◆ THE PROBLEM ◆
Leaving out the pictures, return each line of the entries from the first through the line with "Filtro de aire", and only those lines.

(Data excerpts)
▬▬▬▬▬▬▬▬▬▬
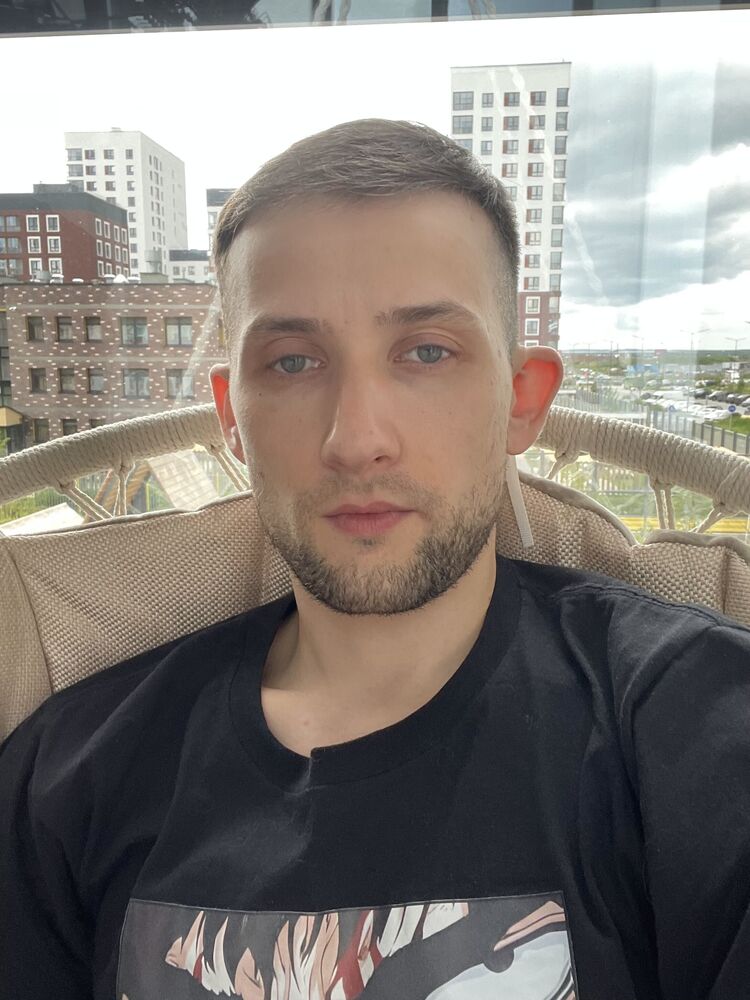  ,   KARTER, 29 ,   ,   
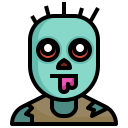 zombi icon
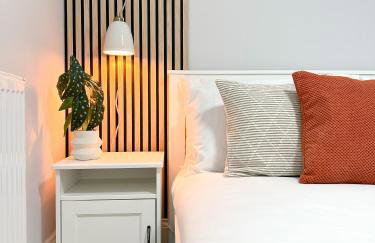 The Bohemian Basement - Foto 1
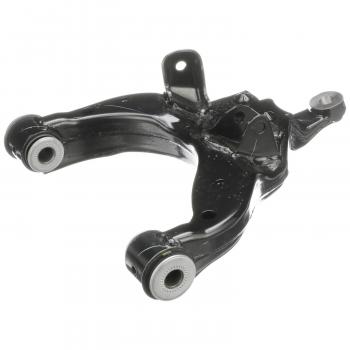 Delphi TC6243 Suspension Control Arm product image 1 of 7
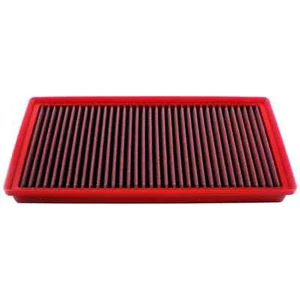 Filtro de aire BMC FB748/20 para 10-22 Range Rover Sport 5,0 L V8 / 14-22 Discovery V6 - Imagen 1 de 8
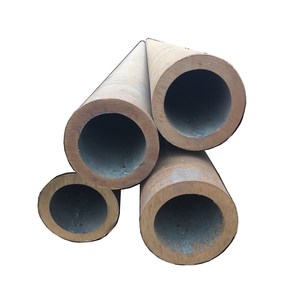 Q345B / ST52 <span class=keywords><strong>Pipe</strong></span> Steel S355 / SAE1518 36インチSeamless Steel <span class=keywords><strong>Pipe</strong></span>/300ミリメートルSteel <span class=keywords><strong>Pipe</strong></span>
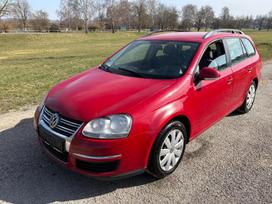 Volkswagen Golf, 190t/km, Tel sms iki 22h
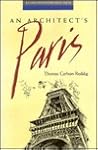 An Architect's Paris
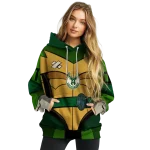 custom-milwaukee-bucks-superhero-armor-green-hoodie-best-selling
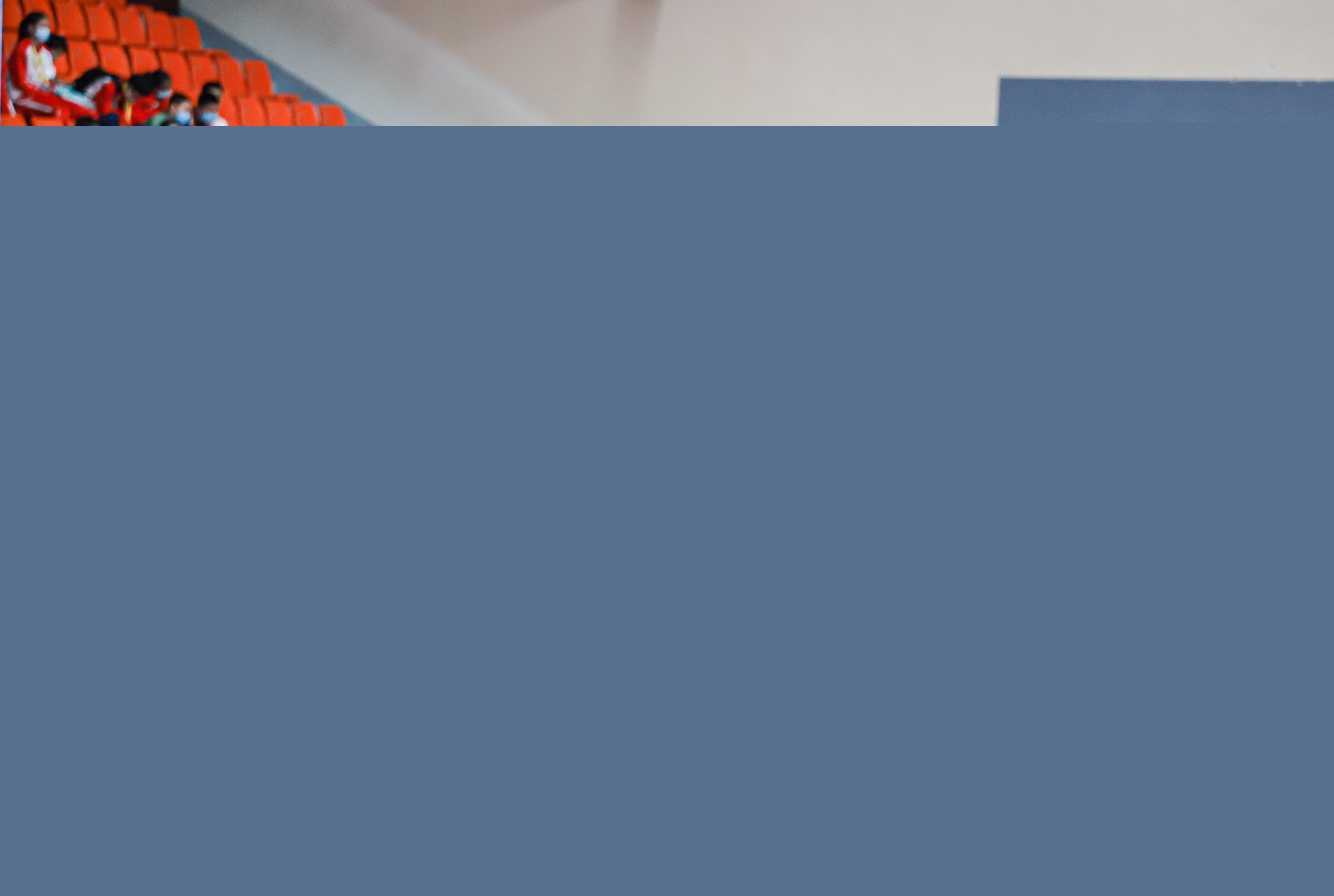 响比赛走势 响比赛走势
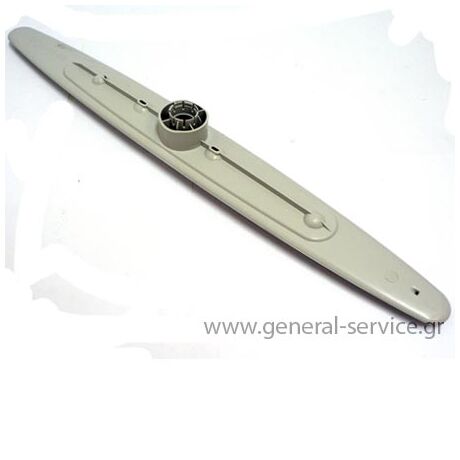 ΔΙΑΣΠΟΡΕΑΣ ΚΑΤΩ BRANDT DWE400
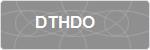 DTHDO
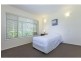 51 MCKEES Road, Palmwoods QLD 4555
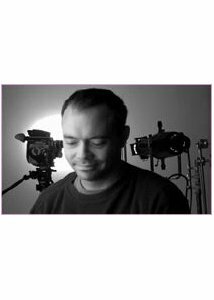 фото Райан Пакетт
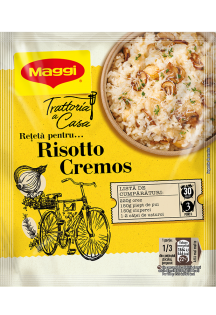 https://www.maggi.ro/sites/default/files/styles/search_result_315_315/public/Tac%20Ro%2002.png?itok=fRdtPFTh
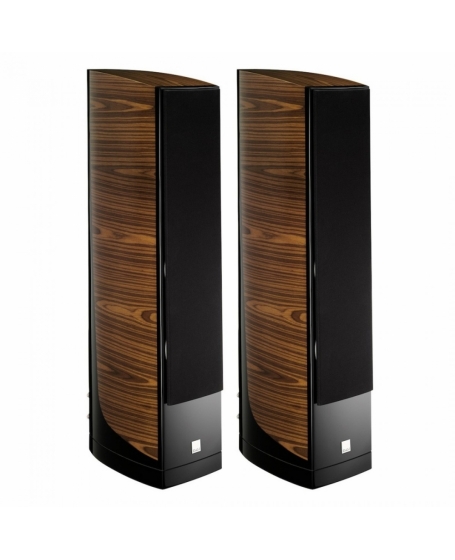 Dali Epicon 8 Floorstanding Speaker Made in Denmark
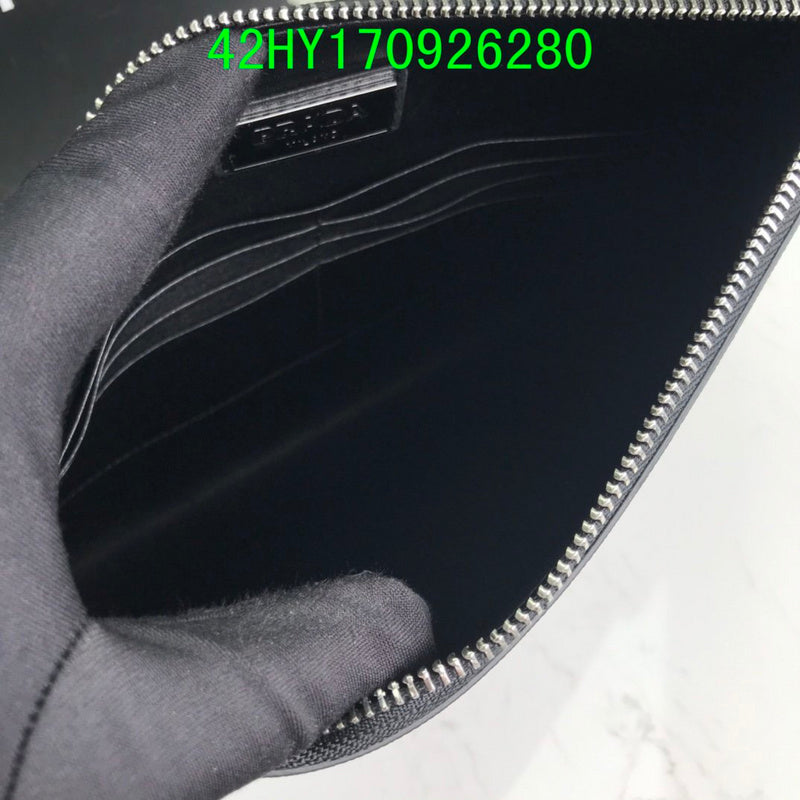 Amelia - PD Wallet - 310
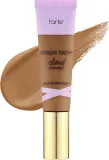 Тональный крем Tarte Cosmetics Shape Tape Cloud Coverage матирующий невесомый, 30 мл, оттенок 53N — фото 1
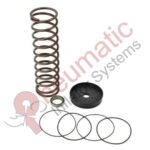 Ingersoll Rand Hydraulic Cylinder Rebuild/Repair Kit Replacement - 54386552 - Image 2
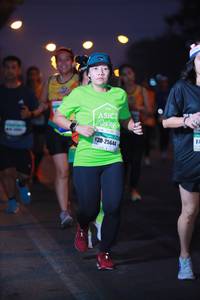 BIB: 42698, 40105, 41834, 25315, 434
                            <button type="button" onclick="openModal(7282918)" class="btn btn-primary btn-sm float-right btn-popup" data-toggle="modal" data-target=".modal-high-quality">
                        <i class="fas fa-shopping-cart"></i> Add to Cart
                    </button>
                                            <button type="button" onclick="isThisMe(7282918, true)" class="btn btn-success btn-sm float-right btn-popup btn-isme hidden" data-toggle="tooltip" data-placement="bottom" title="นี่คือรูปของคุณใช่ไหม คลิกที่นี่เพื่อเอาเข้าอัลบั้ม">
                        <i class="fas fa-plus"></i> Add to album
                    </button>
                    <button type="button" onclick="isThisMe(7282918, false)" class="btn btn-warning btn-sm float-right btn-popup btn-isnotme hidden">
                        <i class="fas fa-ban"></i> Remove from album
                    </button>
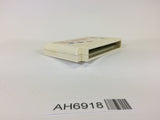 AH6918 Dr. Mario NES Famicom Japan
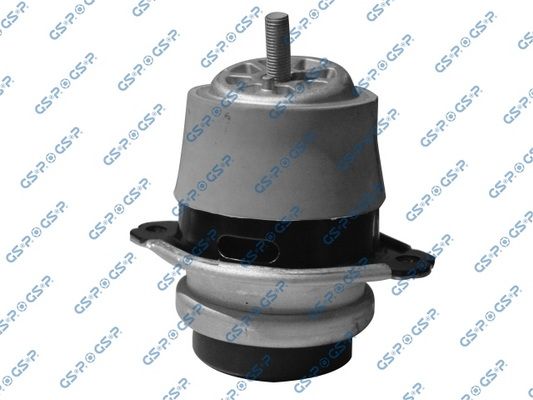 GSP-511489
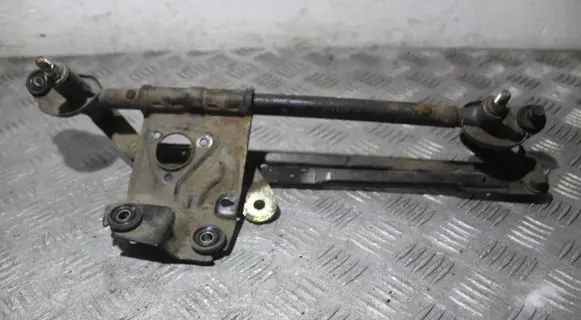 Hyundai Getz Front wiper linkage 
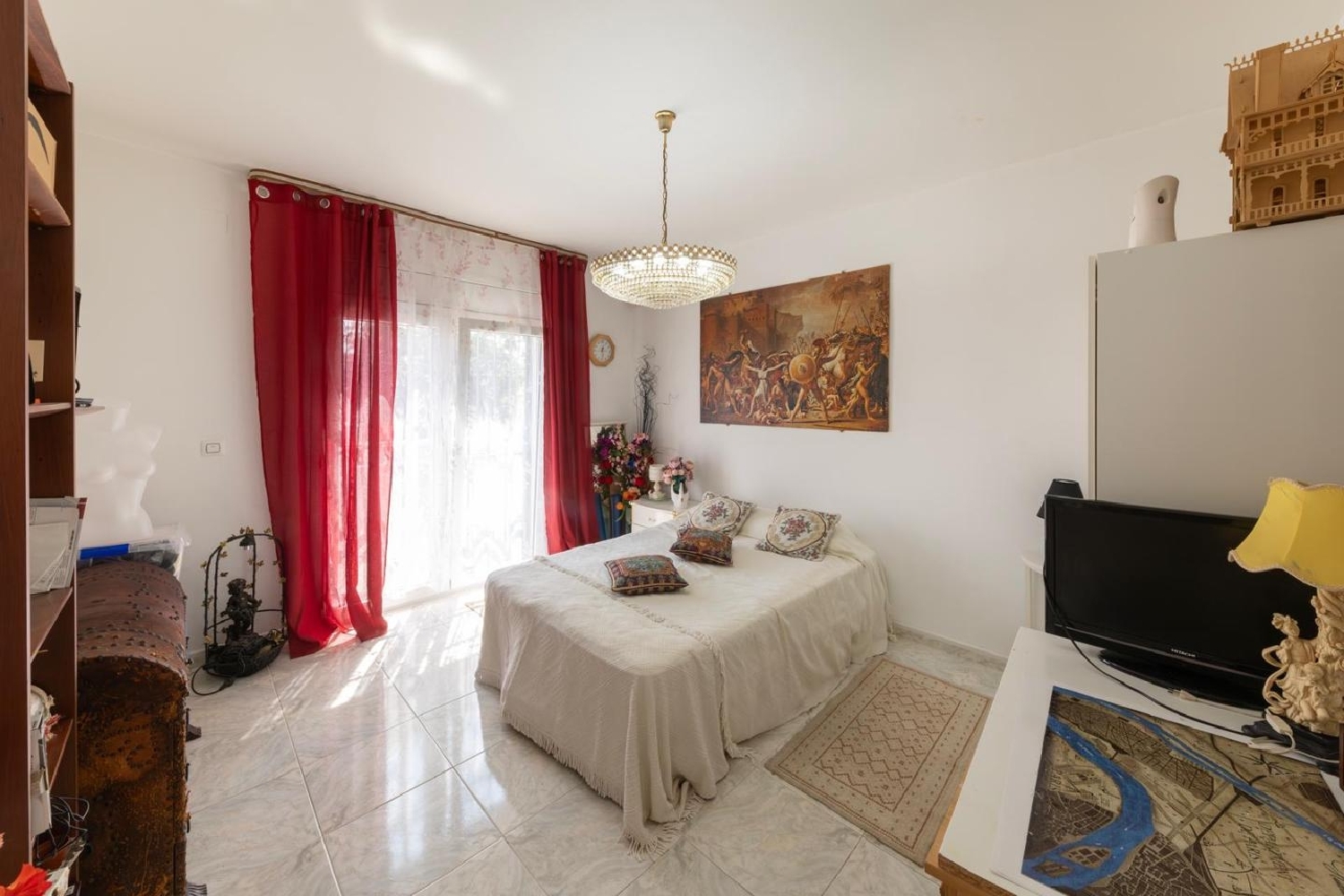  te koop villa Empuriabrava Alt Empordà 19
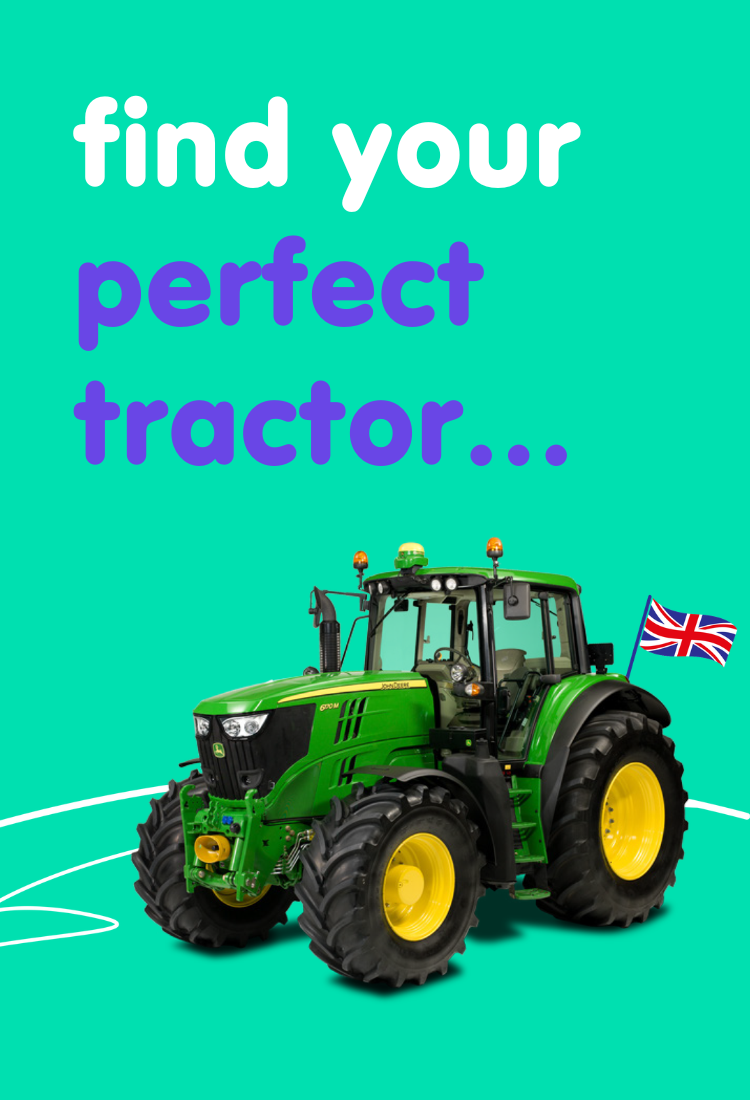 Farm Toys Online find the perfect toy tractor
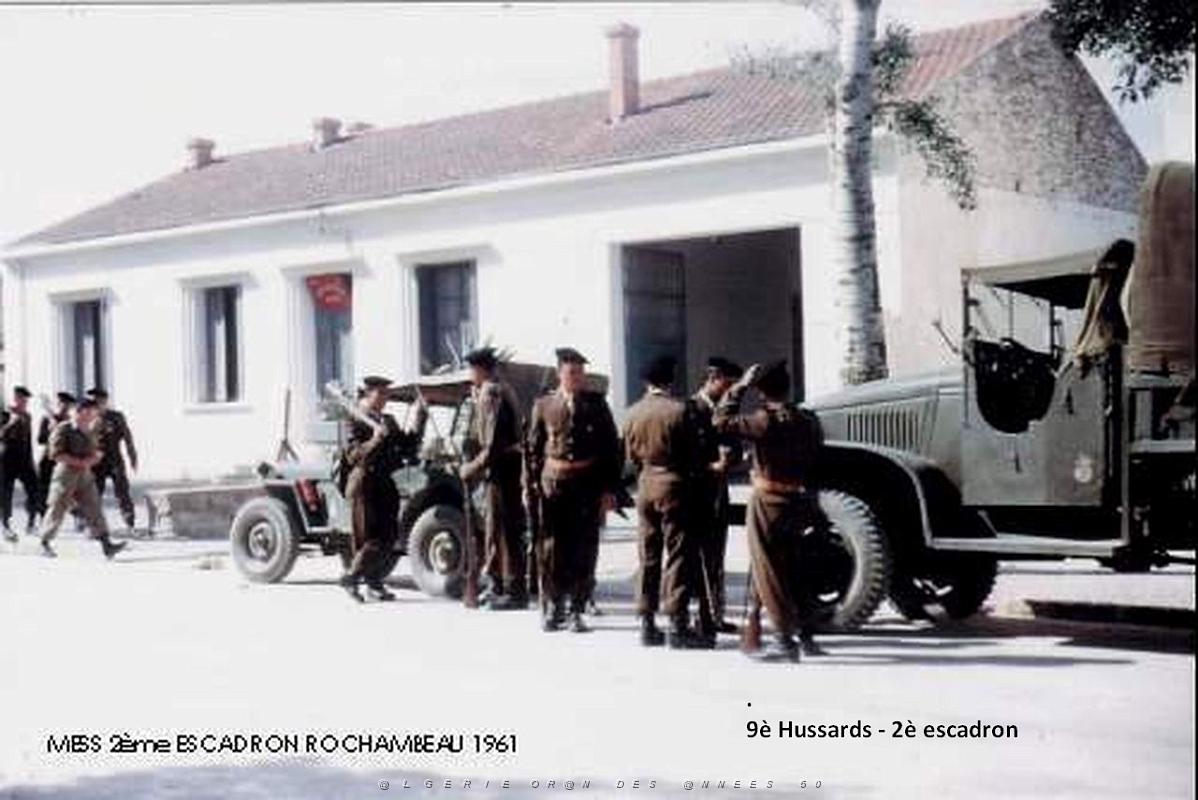 ROCHAMBEAU.JPG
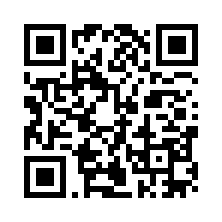 QR Code for 14mHCEo3dGN6w4HHT4pHfKrcpKsn5ubFPr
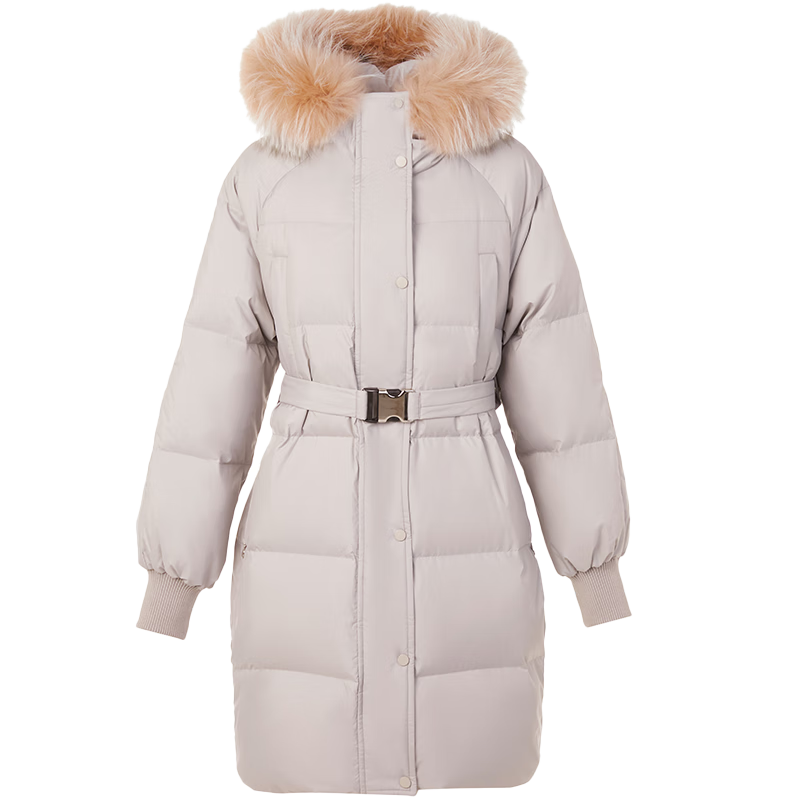 ŷEiLEEN ELITEE׶гñ޷ ɫ׶ޣ L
▬▬▬▬▬▬▬▬▬▬
◆ SOLUTION TO THE PROBLEM ◆
  ,   KARTER, 29 ,   ,   
 zombi icon
 The Bohemian Basement - Foto 1
 Delphi TC6243 Suspension Control Arm product image 1 of 7
 Filtro de aire BMC FB748/20 para 10-22 Range Rover Sport 5,0 L V8 / 14-22 Discovery V6 - Imagen 1 de 8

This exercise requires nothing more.